Callback in System Verilog

    Callback is one of the major confusing point for a System Verilog learner. Many people have asked the same question in many forums, but the answer doesn't seems to satisfy fully the quest of the person who has raised the querry. I too had the same issue, but I learned it slowly in a hard way. I am presenting here a way in which if I had an answer, I would have learned faster.

    We can pass data member to any function. Now consider a case where you are passing a function (say func1) as a data member to another function (say func2) and you get what is called callback. The reason why it is called callback is that the function func2 now can call anywhere in its code function func1.

    In computer programming, a callback is executable code that is passed as an argument to other code. It allows a lower-level software layer to call a subroutine (or function) defined in a higher-level layer.

    Note that SV doesn't give a straight-forward way of passing a function as argument for another function.

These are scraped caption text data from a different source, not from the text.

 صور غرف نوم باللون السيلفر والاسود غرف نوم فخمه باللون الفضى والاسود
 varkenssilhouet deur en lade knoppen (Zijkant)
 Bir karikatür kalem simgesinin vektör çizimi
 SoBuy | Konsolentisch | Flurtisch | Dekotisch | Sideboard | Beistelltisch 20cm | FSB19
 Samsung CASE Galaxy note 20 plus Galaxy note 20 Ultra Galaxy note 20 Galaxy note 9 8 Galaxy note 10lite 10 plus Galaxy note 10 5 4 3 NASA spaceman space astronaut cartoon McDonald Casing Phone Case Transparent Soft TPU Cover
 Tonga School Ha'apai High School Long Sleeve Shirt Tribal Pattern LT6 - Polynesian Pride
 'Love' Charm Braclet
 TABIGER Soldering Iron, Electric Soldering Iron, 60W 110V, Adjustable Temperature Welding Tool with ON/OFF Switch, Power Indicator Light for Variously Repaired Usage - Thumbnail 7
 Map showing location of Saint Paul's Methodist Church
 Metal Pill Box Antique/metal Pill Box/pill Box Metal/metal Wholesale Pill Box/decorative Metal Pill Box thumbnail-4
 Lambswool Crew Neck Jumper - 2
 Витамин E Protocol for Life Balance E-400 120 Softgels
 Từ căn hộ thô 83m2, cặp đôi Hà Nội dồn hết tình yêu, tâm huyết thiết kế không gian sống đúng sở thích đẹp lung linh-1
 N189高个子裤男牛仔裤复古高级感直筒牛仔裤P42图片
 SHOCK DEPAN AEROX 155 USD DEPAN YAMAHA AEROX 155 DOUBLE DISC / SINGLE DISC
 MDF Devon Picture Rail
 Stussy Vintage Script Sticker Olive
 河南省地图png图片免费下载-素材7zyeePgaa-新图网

But we can get the same result (almost we can say!) by using OOP. The idea is to describe all the functions (both func1 type and func2 type) in a base class (don't implement the funct2 kind of function and make them virtual for polymorphism), and then extend the class to a derived class where you implement the func2 type of function.

    Example:-

    class abc_transactor;

    virtual task pre_send(); endtask

    virtual task post_send(); endtask

    task xyz();

    // Some code here

    this.pre_send();

    // Some more code here

    this.post_send();

    // And some more code here

    endtask : xyz

    endclass : abc_transactor

    class my_abc_transactor extend abc_transactor;

    virtual task pre_send();

    ... // This function is implemented here

    endtask

    virtual task post_send();

    ... // This function is implemented here

    endtask

    endclass : my_abc_transactor

    Now let me explain how it is going to work. The base class abc_transactor has 3 tasks, 2 of which are declared virtual and are not implemented. But they are being called from another task xyz() which is fully implemented. The unimplemented virtual task are called callback class.

    The child class, which extends from the base class, implements the previous unimplemented tasks. It inherits the xyz() task from the base class and hence doesn't need to change it. By this we can inject executable code to a function without modifying it.

    Now the next question is why is done. There are many reasons for it.

  1. The biggest advantage is that you can modify the behavior of task xyz() without modifying it in the base or child class. It is a big advantage as no one wants to fiddle with known good functioning code.

  2. Consider a case where you are writing a base class which is going to be used by multiple test environment, and for each test environment a known part of the code, or a known function/task is going to change. The natural choice is to implement those change-in-every-case functions/tasks as callback method and let the user extend your base class with specifying only that part of the code which need to be changed in his case.